Exercise:
Stop after the line containing "MoKo Case for"; retype every line of the data before it exactly, starting from the first.

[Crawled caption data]

= Beginning of Section =

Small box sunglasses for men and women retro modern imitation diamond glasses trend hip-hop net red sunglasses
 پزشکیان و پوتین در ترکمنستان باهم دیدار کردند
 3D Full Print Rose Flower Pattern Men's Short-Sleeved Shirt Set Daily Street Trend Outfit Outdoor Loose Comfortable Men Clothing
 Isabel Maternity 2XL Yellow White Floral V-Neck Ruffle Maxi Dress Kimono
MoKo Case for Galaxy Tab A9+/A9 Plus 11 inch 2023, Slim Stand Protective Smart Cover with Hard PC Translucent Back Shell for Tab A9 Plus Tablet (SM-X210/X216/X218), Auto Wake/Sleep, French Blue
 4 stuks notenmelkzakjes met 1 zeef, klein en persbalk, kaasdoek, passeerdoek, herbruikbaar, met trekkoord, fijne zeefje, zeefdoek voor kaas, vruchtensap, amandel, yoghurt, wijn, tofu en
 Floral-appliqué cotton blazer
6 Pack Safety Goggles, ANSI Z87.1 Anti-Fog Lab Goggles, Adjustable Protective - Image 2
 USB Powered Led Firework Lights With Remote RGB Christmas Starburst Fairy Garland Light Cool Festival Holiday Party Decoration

= End of Section =

Task response:
Small box sunglasses for men and women retro modern imitation diamond glasses trend hip-hop net red sunglasses
 پزشکیان و پوتین در ترکمنستان باهم دیدار کردند
 3D Full Print Rose Flower Pattern Men's Short-Sleeved Shirt Set Daily Street Trend Outfit Outdoor Loose Comfortable Men Clothing
 Isabel Maternity 2XL Yellow White Floral V-Neck Ruffle Maxi Dress Kimono
MoKo Case for Galaxy Tab A9+/A9 Plus 11 inch 2023, Slim Stand Protective Smart Cover with Hard PC Translucent Back Shell for Tab A9 Plus Tablet (SM-X210/X216/X218), Auto Wake/Sleep, French Blue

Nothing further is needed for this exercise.